▸ **Aim of the task**
Below are records with pictures in them. Output exactly the lines from the one with "10270 Sextant Cir, Anchorage, AK" through the one with "Black Vegan Leather", both included, and leave every picture out; give only those lines.

▸ **Records**
========================

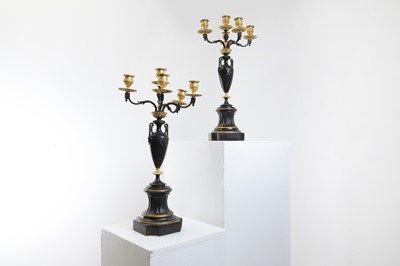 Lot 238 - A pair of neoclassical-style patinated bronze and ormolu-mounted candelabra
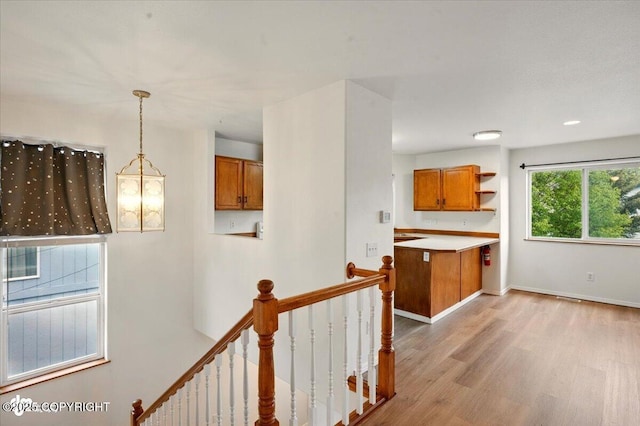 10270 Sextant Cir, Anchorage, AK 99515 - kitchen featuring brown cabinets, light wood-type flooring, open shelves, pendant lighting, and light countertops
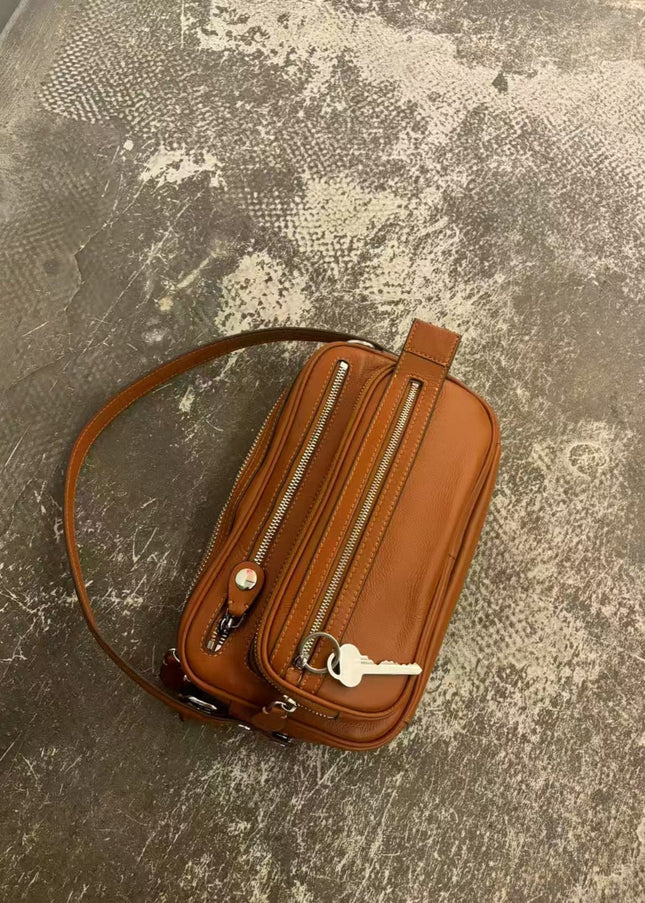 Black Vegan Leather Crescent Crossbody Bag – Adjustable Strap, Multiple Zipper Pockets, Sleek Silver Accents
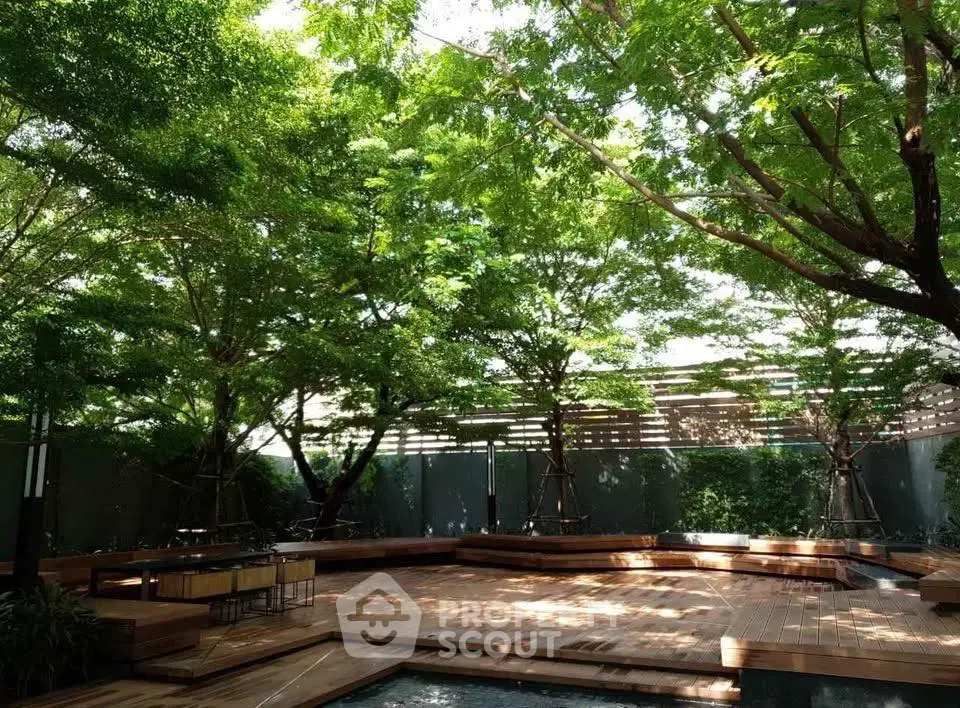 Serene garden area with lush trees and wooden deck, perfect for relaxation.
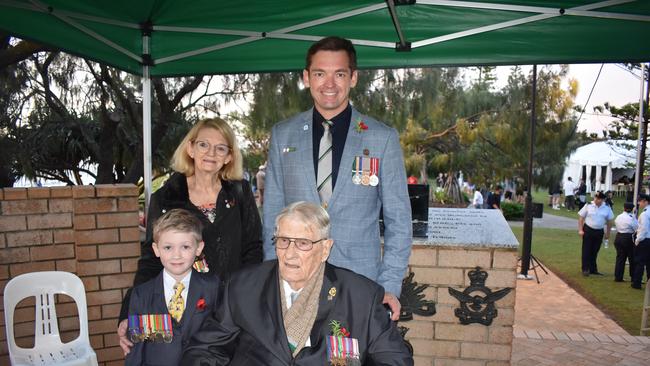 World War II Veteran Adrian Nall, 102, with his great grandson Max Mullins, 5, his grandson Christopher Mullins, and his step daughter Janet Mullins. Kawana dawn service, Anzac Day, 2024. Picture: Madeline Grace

========================

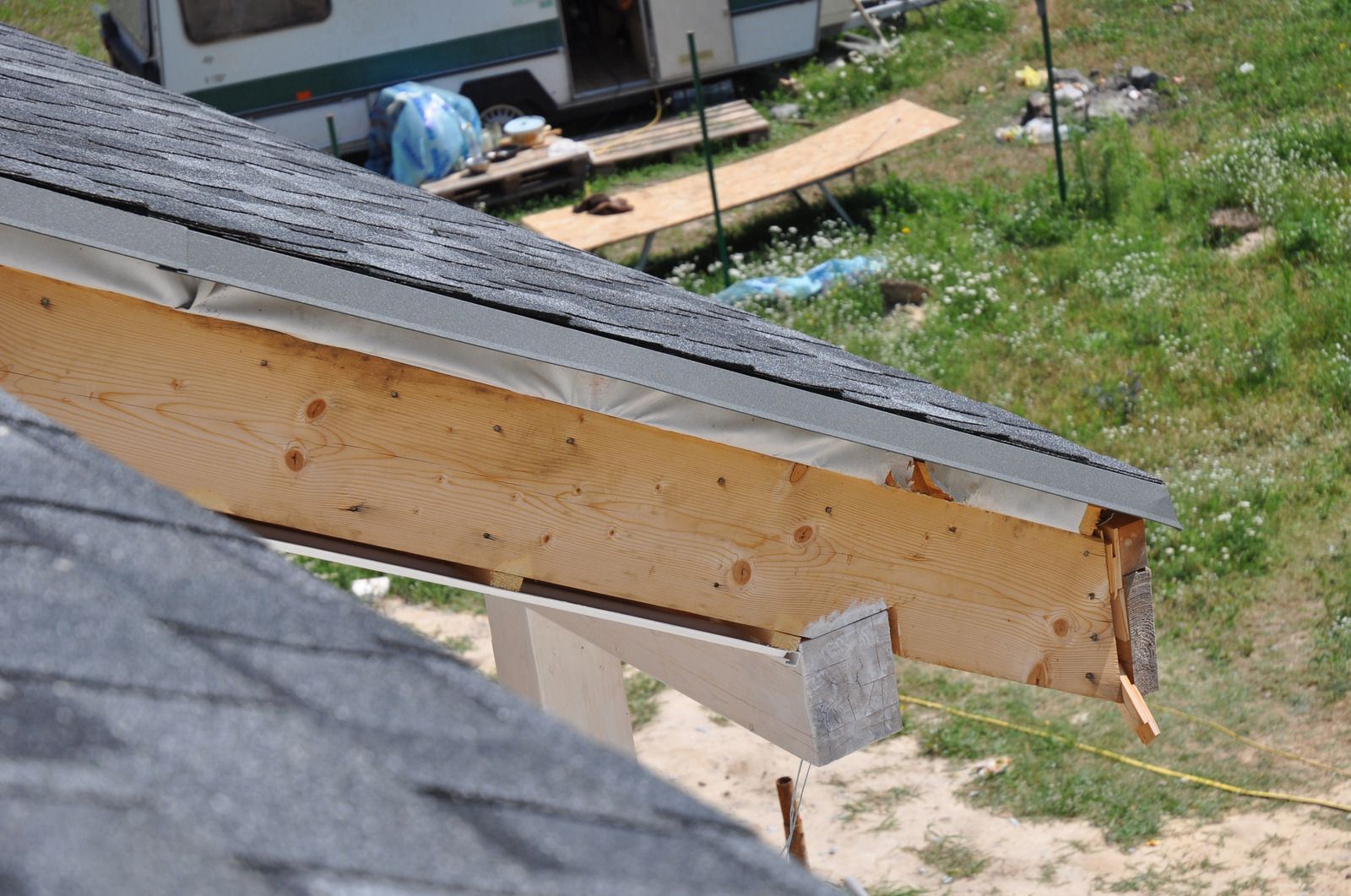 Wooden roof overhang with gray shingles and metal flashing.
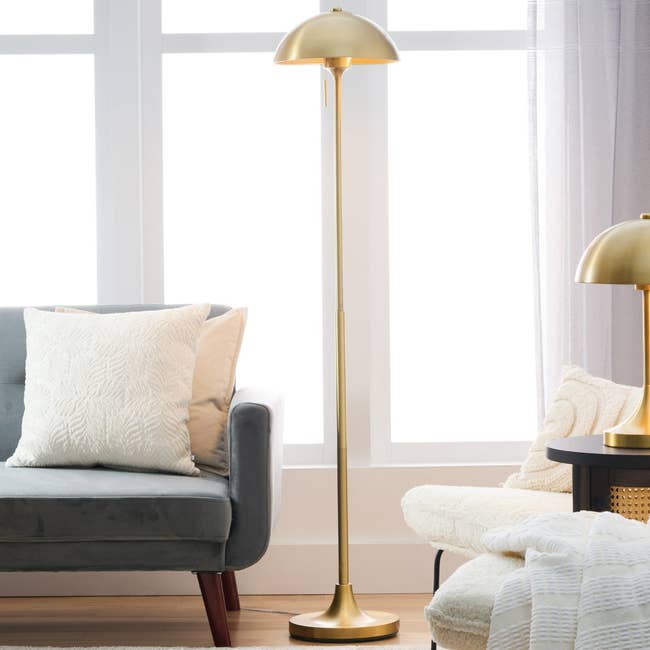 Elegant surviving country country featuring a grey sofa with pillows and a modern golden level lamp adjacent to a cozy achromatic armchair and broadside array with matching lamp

========================

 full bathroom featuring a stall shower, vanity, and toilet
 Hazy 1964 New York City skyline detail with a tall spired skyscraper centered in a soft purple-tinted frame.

========================

▸ **Output of the exercise**
 10270 Sextant Cir, Anchorage, AK 99515 - kitchen featuring brown cabinets, light wood-type flooring, open shelves, pendant lighting, and light countertops
 Black Vegan Leather Crescent Crossbody Bag – Adjustable Strap, Multiple Zipper Pockets, Sleek Silver Accents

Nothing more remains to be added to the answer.